# YOUR OBJECTIVE
Pictures are to be dropped, and only the lines from the one containing "ограниченное количество Asahi" through the end of the data below are to be reproduced as written.

# COLLECTED DATA
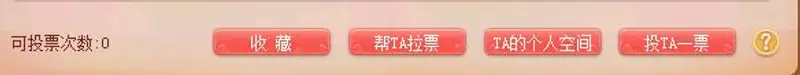 《梦幻西游》春心萌动点赞指南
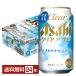  ограниченное количество Asahi прозрачный Asahi ..... включая 350ml жестяная банка 24шт.@1 кейс бесплатная доставка 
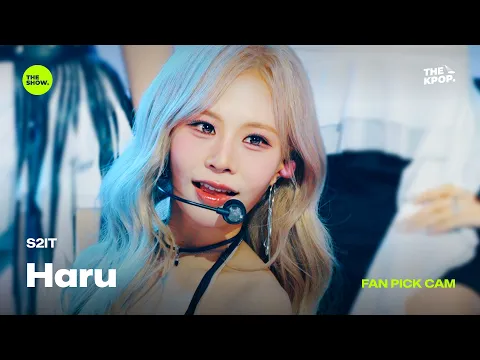 Haru「Blue Crush」公式Fancamのサムネイル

# TASK ANSWER
  ограниченное количество Asahi прозрачный Asahi ..... включая 350ml жестяная банка 24шт.@1 кейс бесплатная доставка 
 Haru「Blue Crush」公式Fancamのサムネイル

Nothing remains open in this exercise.